While I'm certainly stronger in one language I'd say it's quite normal to use at least 3 programming languages daily. As a Unix guy it's even more. If I just want to write a Python hello world I need to know some Python, some Bash, some Vimscript, some Terminal I/O. Many of my projects also have Makefiles, additional bash scripts (which includes SED and AWK besides Bash). Interaction with databases, APIs, JSON or XML or INI configs, HTML, etc is also common. And let's not forget that most systems that have grown over the years have a few DSLs to interact with their tools.

So before I finish my first coffee I've probably used 6 languages already on a typical work day. I think most coders in my company are fluent in at least 10 programming (&related) languages. And while our software development team is certainly better than my last gig I still hope it's not the top of what software dev teams can be.

And your most prevalent point is that company enforces some language usage. It's often not the same if you switch. So if you have more than 5 years you probably can increase the typical programming language fluency about 50%.

Also your example about switching stacks. Your first stack had .Net, C#, SQL, JS and JQuery. Now you at least sometimes also use Java, and whatever Bootstrap/Angular require.

I know exactly what you mean and I agree, but your scenario doesn't cover most enterprise web developers, who likely live in Visual Studio or Eclipse/NetBeans/IntelliJ 95% of their day, especially if there's strict separation of duties and they aren't allowed to directly touch the DB server/admin console.

I got fed up with this state of affairs a few years ago and stopped looking for .Net or Java developers and started looking for self-described hackers, assuming that would increase the odds that they had some passion for programming and could/would/had pick up whatever tools they needed for the job.
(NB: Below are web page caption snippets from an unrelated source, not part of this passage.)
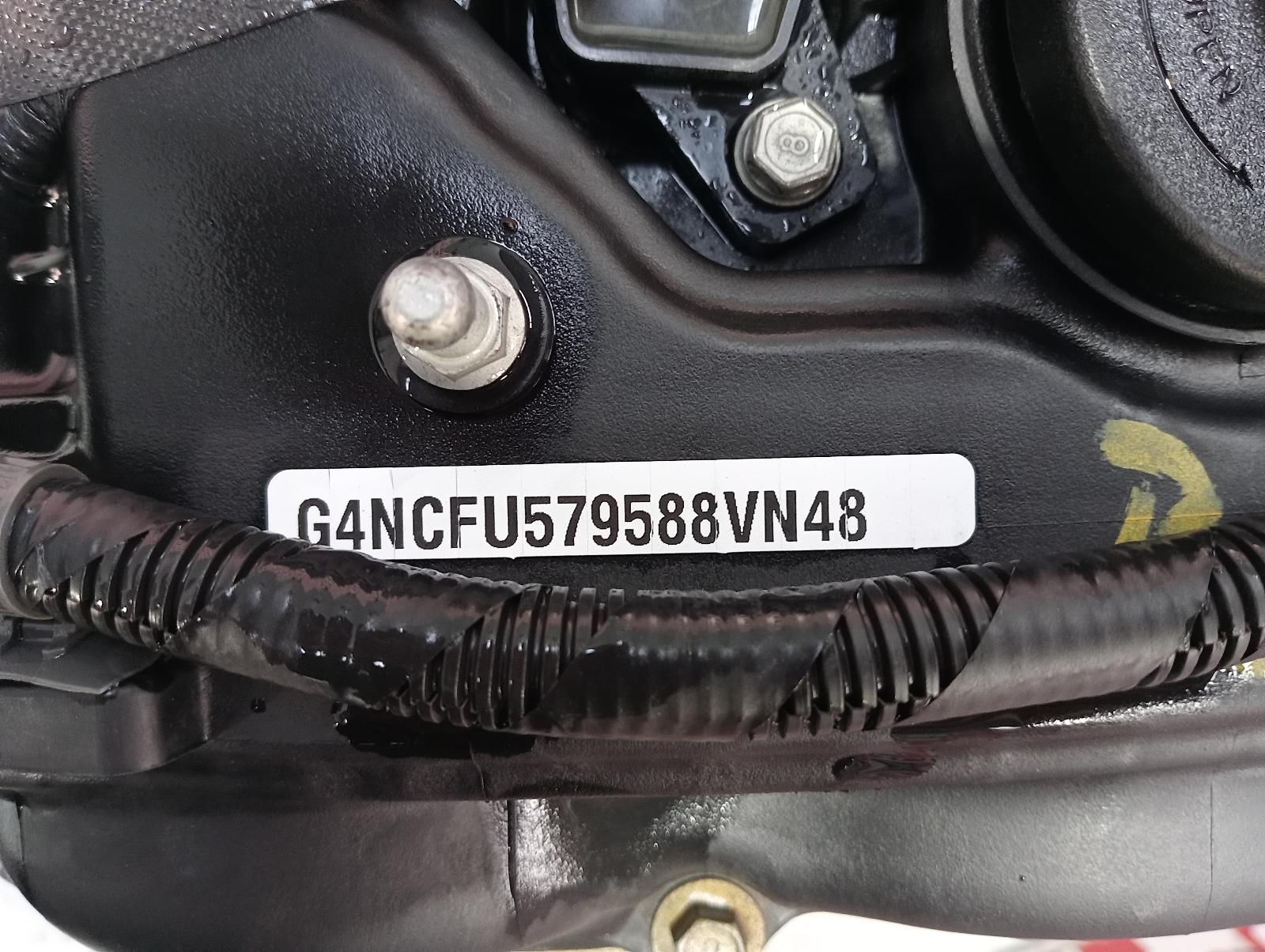 8963524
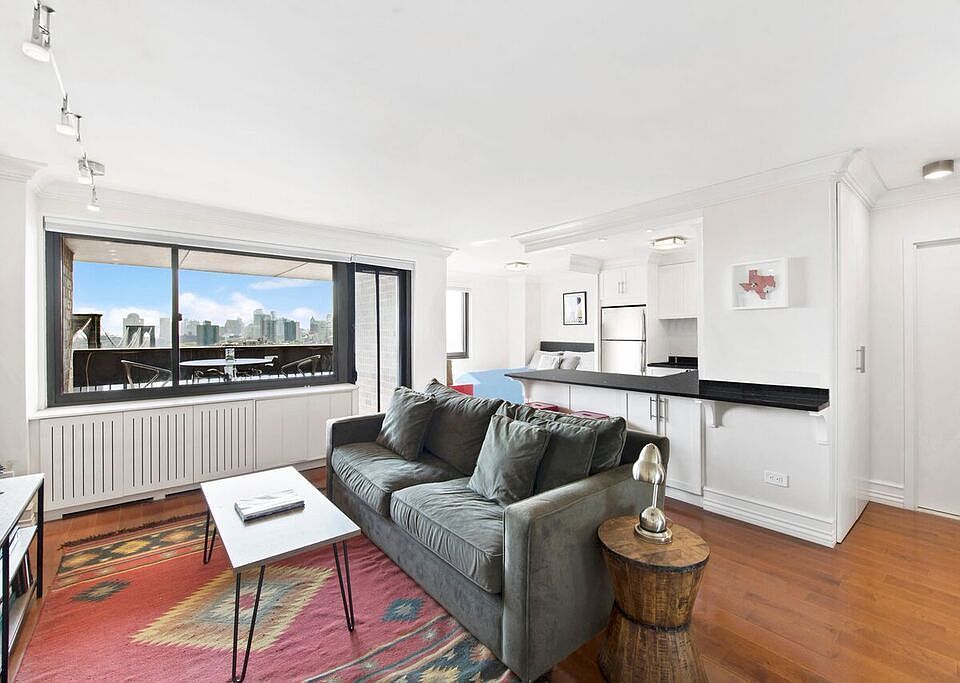 1st image of 333 Pearl St APT 23A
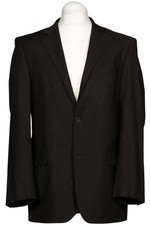 s.Oliver Sakko Herren Business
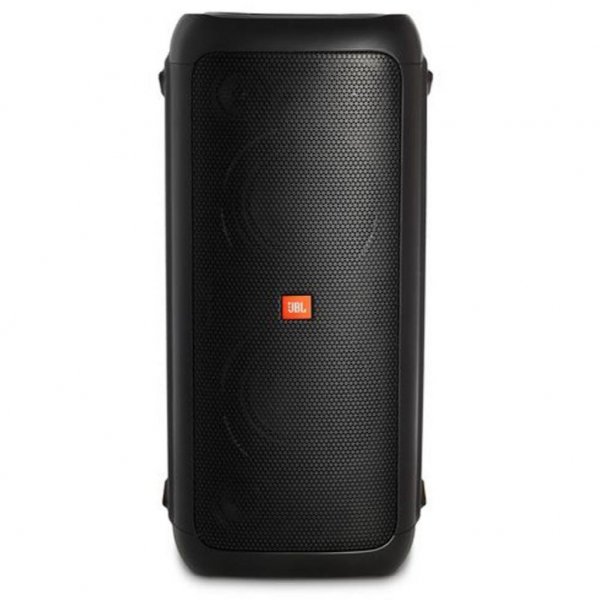 Акустична система JBL Party Box 200 (JBLPARTYBOX200EU)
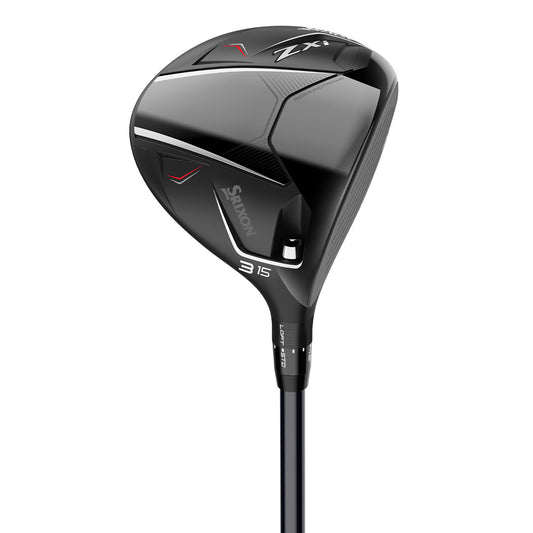 Srixon ZXi Fairwaywood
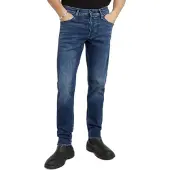 G-Star Jeans 3301 Slim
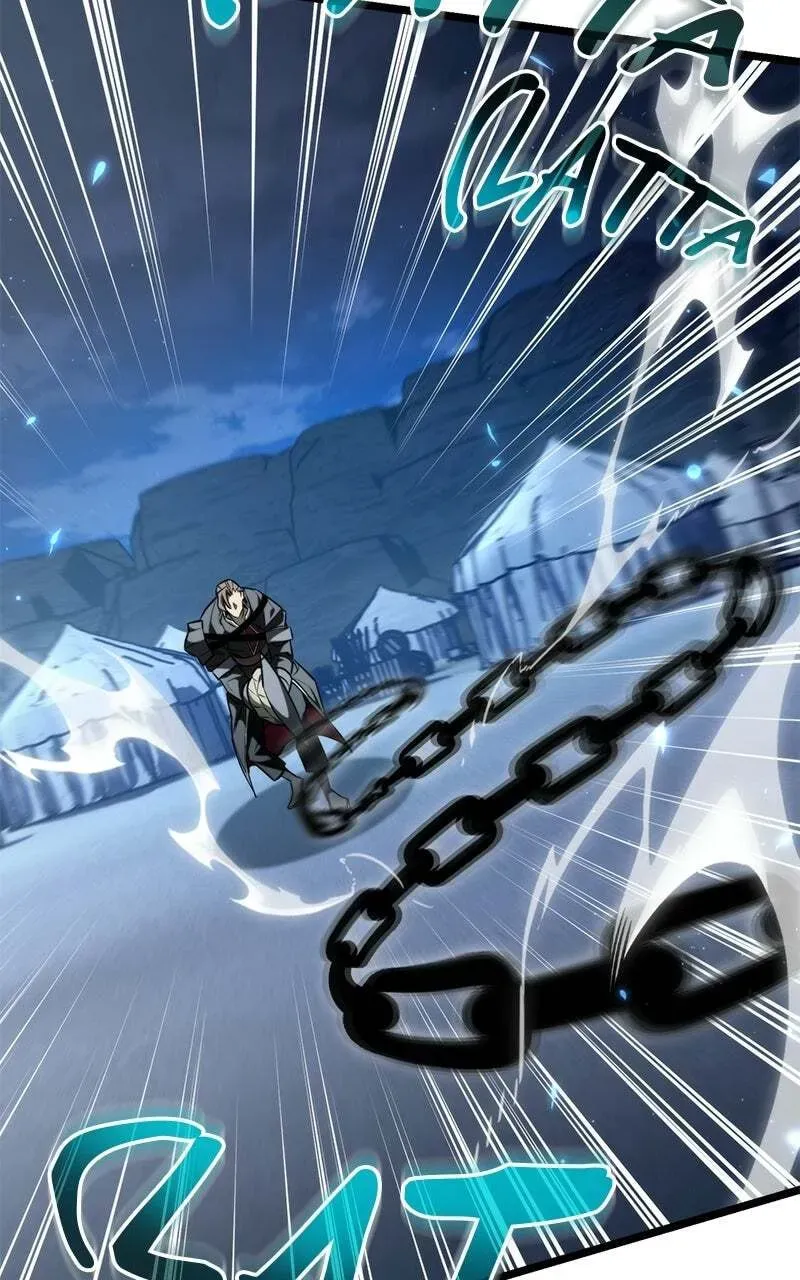 Read Reincarnator (ALLA) chapter 2.6 image 28 on Lezhin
It has worked well.

As an aside, though, especially in countries like India, Brazil, Mexico, Chile, Bulgaria, Poland, and others which are low cost recipients of outsourcing dollars, "software factories" are common, and in places like this it absolutely is common for an individual programmer to literally spend their time all day, every day doing the same one type of thing. Imho, the higher the CMMI number, the worse this gets (the pinnacle is the "just write a function to pass this test. No, it doesn't matter what it's doing or what this software is for. Just pass the test.", where developers on the front line are plug & play cogs who don't even know what they're working on).

Interesting. Haven't thought about this kind of businesses and you're right, there might be many more such developers than people like me.
> ironically, a lot of "progressive" corporations end up creating mini-Innovation teams internally with their best & brightest, who are told to "act like a startup" and end up basically creating 75% of all the new stuff ... until it requires an interface to a legacy system and the devs outside the team refuse to cooperate out of fear.

I've been in exactly that situation, working on a small 'startup' team inside a large, traditional organisation. The friction between the 'old' and 'new' camps was heartbreaking.

You need to have a Baord level champion who can steamroller any silos and get stuff done.
Eventually, we got exactly that, a leader the Board would actually listen to and respect.

This was after I'd moved on, but I'm led to believe that things have improved greatly since that change.

I don't live in startup world, but some stuff comes over the transom and lands on our desks. In a given month I might work in PL/SQL, T-SQL, JavaScript, VB.NET, C#, and maybe Perl and Python. Am I stronger in some than others? Absolutely.